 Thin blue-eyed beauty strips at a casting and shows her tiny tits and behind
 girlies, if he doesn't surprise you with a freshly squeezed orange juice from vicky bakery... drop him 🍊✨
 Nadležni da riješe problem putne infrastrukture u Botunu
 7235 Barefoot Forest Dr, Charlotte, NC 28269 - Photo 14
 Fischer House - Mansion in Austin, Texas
==
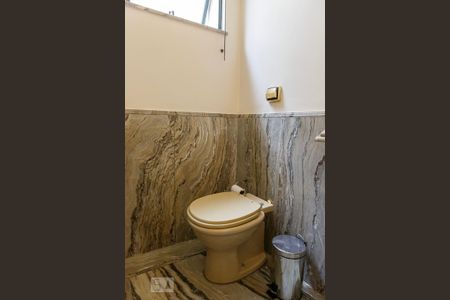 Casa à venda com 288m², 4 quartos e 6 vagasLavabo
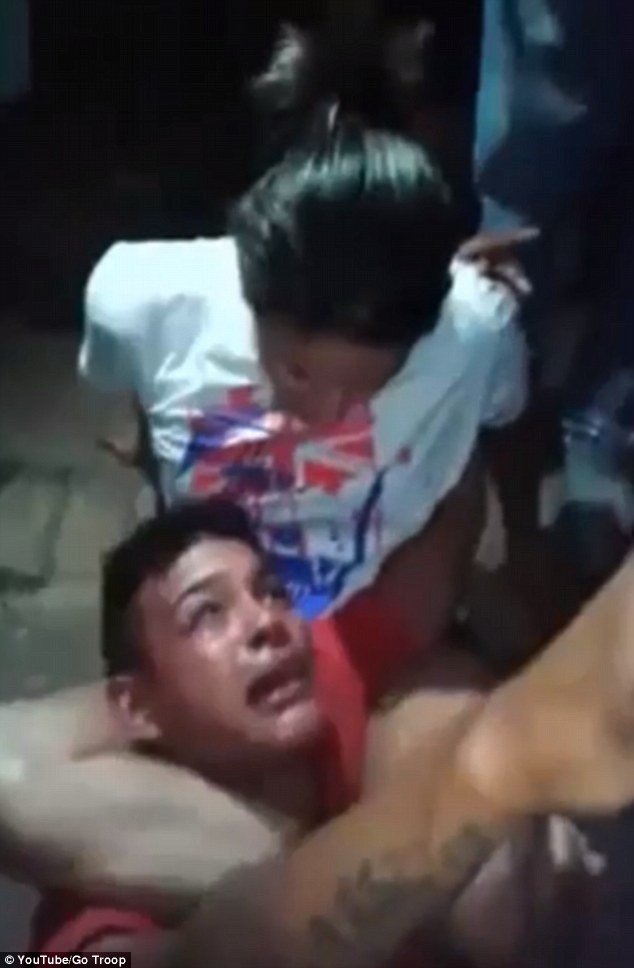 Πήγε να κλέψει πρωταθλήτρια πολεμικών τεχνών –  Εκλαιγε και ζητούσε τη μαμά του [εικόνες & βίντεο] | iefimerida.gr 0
==
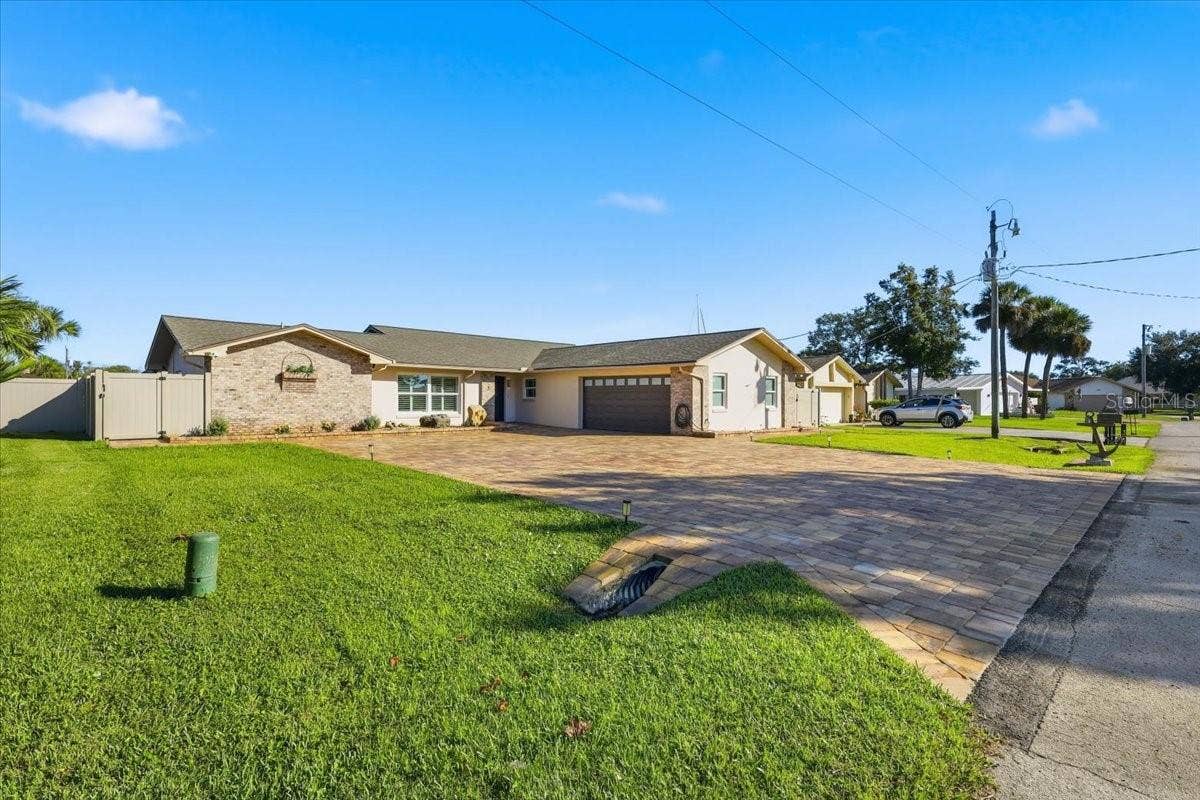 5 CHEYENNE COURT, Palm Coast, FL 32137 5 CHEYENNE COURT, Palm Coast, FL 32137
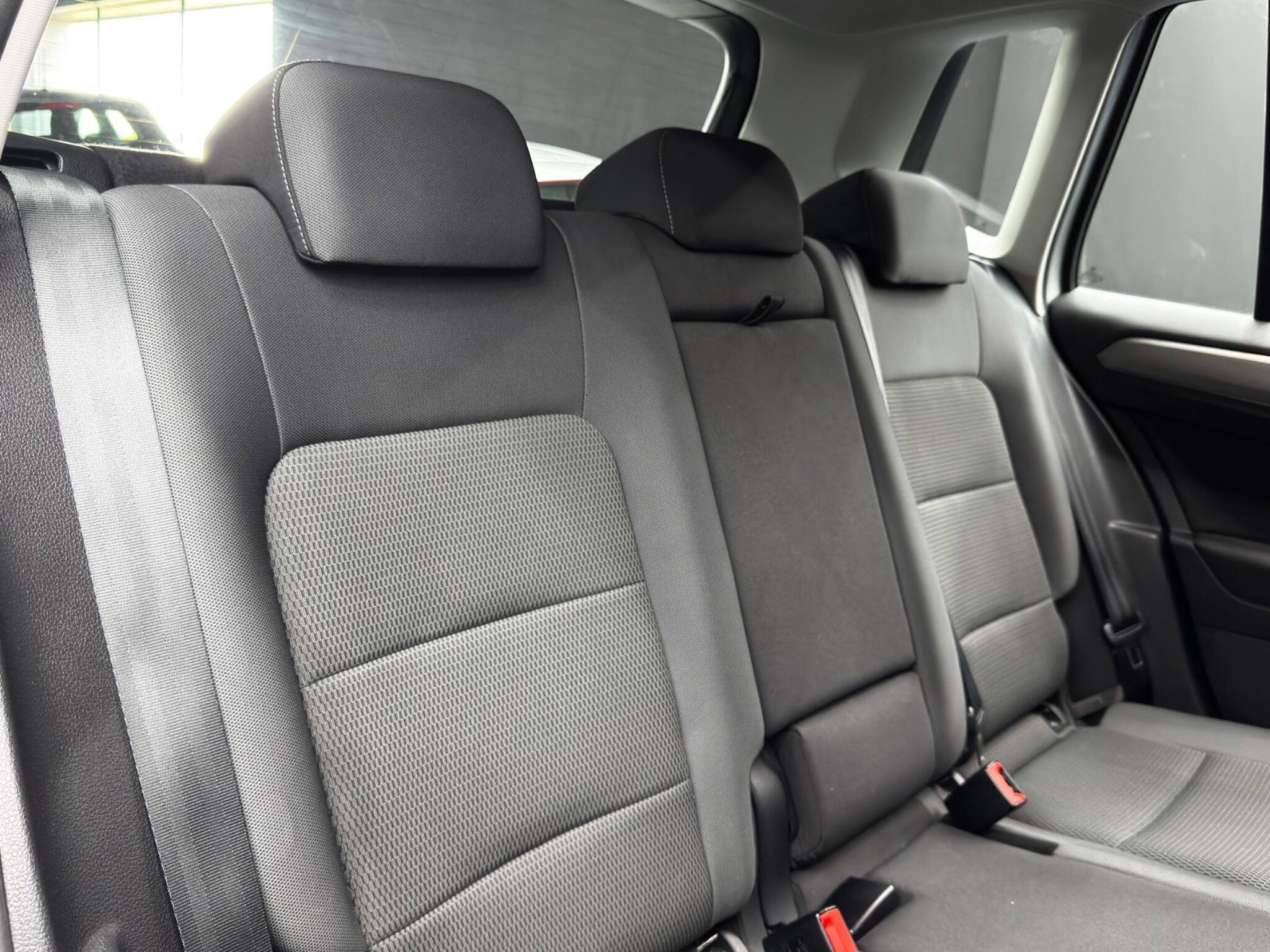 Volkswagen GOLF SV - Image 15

- What to produce
Give back precisely the lines above that start at the line containing "Thin blue-eyed beauty" and end at the line containing "Fischer House - Mansion in Austin, Texas", inclusive. No other lines belong in the output.

- Response box
 Thin blue-eyed beauty strips at a casting and shows her tiny tits and behind
 girlies, if he doesn't surprise you with a freshly squeezed orange juice from vicky bakery... drop him 🍊✨
 Nadležni da riješe problem putne infrastrukture u Botunu
 7235 Barefoot Forest Dr, Charlotte, NC 28269 - Photo 14
 Fischer House - Mansion in Austin, Texas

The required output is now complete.